>>>

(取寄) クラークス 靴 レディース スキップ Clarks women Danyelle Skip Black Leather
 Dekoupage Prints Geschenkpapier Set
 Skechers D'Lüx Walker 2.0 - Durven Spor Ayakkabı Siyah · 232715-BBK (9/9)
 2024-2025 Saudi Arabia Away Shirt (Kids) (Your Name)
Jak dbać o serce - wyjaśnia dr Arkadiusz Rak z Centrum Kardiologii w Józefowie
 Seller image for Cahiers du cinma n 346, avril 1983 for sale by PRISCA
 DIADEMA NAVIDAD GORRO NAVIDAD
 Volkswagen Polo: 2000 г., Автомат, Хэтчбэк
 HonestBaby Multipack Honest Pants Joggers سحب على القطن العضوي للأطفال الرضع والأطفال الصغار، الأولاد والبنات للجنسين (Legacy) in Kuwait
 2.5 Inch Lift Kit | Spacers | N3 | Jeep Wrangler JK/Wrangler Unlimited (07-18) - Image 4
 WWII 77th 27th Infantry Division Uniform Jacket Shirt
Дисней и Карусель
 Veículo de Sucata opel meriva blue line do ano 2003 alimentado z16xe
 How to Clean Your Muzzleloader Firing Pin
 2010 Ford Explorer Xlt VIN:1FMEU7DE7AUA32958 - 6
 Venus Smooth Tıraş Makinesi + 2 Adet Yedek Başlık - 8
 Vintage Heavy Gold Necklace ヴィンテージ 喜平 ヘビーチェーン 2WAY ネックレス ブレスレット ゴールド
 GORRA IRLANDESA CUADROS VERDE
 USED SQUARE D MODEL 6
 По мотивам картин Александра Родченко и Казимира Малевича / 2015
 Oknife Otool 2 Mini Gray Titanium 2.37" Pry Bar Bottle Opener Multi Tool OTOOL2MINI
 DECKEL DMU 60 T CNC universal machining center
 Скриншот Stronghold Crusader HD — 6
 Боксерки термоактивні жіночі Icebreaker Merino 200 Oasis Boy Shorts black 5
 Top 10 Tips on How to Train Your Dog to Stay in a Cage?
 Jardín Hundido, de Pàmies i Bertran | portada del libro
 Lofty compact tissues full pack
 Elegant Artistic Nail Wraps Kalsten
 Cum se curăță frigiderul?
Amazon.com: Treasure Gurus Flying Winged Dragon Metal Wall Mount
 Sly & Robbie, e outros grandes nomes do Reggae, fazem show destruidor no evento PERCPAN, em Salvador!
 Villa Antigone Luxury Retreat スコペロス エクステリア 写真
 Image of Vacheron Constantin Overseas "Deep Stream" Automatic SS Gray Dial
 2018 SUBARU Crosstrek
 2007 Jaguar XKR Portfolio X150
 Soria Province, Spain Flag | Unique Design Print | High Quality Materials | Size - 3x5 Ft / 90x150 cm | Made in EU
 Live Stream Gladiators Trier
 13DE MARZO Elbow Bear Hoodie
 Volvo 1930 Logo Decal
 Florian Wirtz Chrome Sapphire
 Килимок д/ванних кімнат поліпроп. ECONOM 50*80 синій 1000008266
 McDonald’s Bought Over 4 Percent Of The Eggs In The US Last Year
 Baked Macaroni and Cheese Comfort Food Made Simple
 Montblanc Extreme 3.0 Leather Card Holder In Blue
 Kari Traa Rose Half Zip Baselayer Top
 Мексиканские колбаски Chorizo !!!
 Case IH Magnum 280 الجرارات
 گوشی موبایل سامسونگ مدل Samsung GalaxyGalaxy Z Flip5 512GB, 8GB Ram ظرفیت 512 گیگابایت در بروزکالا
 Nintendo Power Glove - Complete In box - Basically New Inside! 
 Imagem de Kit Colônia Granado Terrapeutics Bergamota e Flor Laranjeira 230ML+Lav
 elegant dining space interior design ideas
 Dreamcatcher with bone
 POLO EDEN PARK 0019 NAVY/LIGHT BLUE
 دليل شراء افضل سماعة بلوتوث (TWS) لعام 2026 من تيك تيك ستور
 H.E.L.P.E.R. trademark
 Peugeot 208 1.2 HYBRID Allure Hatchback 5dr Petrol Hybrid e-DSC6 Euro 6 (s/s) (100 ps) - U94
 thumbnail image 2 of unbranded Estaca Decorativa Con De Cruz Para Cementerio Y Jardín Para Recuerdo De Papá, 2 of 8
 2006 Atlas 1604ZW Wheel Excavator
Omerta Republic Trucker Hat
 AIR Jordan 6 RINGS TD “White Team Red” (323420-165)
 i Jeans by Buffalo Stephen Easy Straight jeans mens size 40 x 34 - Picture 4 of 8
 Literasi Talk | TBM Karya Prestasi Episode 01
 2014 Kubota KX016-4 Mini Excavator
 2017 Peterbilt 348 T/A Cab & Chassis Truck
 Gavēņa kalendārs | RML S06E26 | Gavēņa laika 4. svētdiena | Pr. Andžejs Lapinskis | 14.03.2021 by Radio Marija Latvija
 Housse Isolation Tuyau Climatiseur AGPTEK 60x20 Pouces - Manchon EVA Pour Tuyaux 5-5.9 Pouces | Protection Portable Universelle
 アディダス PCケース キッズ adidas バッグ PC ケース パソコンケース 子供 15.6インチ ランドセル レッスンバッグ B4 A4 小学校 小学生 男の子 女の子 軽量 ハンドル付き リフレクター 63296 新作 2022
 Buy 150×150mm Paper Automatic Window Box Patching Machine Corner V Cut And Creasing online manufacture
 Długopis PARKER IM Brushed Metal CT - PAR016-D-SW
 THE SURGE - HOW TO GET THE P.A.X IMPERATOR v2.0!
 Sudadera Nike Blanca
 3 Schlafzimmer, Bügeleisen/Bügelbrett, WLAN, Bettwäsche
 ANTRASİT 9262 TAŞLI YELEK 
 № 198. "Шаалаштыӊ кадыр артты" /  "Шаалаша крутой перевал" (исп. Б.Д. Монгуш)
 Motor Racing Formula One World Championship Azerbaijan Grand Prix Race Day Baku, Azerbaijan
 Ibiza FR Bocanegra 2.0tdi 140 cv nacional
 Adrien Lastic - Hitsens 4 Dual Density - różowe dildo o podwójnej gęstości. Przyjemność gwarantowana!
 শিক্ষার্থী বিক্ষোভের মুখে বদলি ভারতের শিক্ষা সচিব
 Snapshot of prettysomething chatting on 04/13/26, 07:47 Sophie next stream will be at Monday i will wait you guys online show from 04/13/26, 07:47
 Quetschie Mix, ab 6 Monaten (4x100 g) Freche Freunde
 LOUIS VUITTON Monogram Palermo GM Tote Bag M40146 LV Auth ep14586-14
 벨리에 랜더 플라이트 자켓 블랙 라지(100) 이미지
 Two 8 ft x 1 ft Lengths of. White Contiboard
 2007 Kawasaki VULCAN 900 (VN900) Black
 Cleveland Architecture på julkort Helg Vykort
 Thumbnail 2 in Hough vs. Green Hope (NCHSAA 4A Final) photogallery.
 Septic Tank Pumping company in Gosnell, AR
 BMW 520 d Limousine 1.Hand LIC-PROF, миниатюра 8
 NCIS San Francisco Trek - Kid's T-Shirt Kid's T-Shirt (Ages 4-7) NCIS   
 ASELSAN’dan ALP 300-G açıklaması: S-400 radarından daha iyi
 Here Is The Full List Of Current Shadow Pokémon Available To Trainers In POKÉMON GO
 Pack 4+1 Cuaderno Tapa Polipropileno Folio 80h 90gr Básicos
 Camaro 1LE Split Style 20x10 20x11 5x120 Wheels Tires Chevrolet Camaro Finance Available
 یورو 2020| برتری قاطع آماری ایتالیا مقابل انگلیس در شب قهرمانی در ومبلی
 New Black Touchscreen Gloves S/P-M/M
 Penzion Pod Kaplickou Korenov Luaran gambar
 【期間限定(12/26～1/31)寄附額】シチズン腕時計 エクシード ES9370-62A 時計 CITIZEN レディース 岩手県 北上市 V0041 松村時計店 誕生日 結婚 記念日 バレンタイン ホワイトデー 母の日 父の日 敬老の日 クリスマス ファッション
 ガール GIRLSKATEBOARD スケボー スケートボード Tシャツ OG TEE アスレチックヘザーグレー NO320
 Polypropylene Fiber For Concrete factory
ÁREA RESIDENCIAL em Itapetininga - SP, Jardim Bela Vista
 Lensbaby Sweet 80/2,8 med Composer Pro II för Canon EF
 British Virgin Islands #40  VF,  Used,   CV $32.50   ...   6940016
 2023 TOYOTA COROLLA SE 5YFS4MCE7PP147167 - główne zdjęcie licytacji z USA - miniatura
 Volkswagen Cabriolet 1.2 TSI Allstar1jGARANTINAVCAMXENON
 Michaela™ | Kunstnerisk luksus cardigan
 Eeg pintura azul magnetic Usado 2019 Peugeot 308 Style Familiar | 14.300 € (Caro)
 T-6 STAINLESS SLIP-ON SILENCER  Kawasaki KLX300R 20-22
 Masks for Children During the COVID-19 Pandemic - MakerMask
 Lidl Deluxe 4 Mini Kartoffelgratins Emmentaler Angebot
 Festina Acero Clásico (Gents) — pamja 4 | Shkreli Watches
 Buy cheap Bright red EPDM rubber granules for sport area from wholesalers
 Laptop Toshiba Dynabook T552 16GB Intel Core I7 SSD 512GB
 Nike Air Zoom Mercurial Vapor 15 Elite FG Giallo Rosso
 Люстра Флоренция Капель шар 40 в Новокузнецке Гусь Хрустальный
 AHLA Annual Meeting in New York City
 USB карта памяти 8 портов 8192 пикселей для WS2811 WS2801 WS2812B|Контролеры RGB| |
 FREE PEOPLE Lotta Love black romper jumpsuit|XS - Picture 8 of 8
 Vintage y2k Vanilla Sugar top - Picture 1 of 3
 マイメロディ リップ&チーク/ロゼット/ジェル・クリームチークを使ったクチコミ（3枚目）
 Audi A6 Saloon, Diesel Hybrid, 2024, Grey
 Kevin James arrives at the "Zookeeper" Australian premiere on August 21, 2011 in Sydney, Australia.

<<<

=== WHAT TO DO ===
Would you copy, unchanged, the stretch of the records above that begins at the line containing "2006 Atlas 1604ZW Wheel Excavator" and ends at the line containing "アディダス PCケース キッズ", and only that?

=== WRITTEN RESPONSE ===
 2006 Atlas 1604ZW Wheel Excavator
Omerta Republic Trucker Hat
 AIR Jordan 6 RINGS TD “White Team Red” (323420-165)
 i Jeans by Buffalo Stephen Easy Straight jeans mens size 40 x 34 - Picture 4 of 8
 Literasi Talk | TBM Karya Prestasi Episode 01
 2014 Kubota KX016-4 Mini Excavator
 2017 Peterbilt 348 T/A Cab & Chassis Truck
 Gavēņa kalendārs | RML S06E26 | Gavēņa laika 4. svētdiena | Pr. Andžejs Lapinskis | 14.03.2021 by Radio Marija Latvija
 Housse Isolation Tuyau Climatiseur AGPTEK 60x20 Pouces - Manchon EVA Pour Tuyaux 5-5.9 Pouces | Protection Portable Universelle
 アディダス PCケース キッズ adidas バッグ PC ケース パソコンケース 子供 15.6インチ ランドセル レッスンバッグ B4 A4 小学校 小学生 男の子 女の子 軽量 ハンドル付き リフレクター 63296 新作 2022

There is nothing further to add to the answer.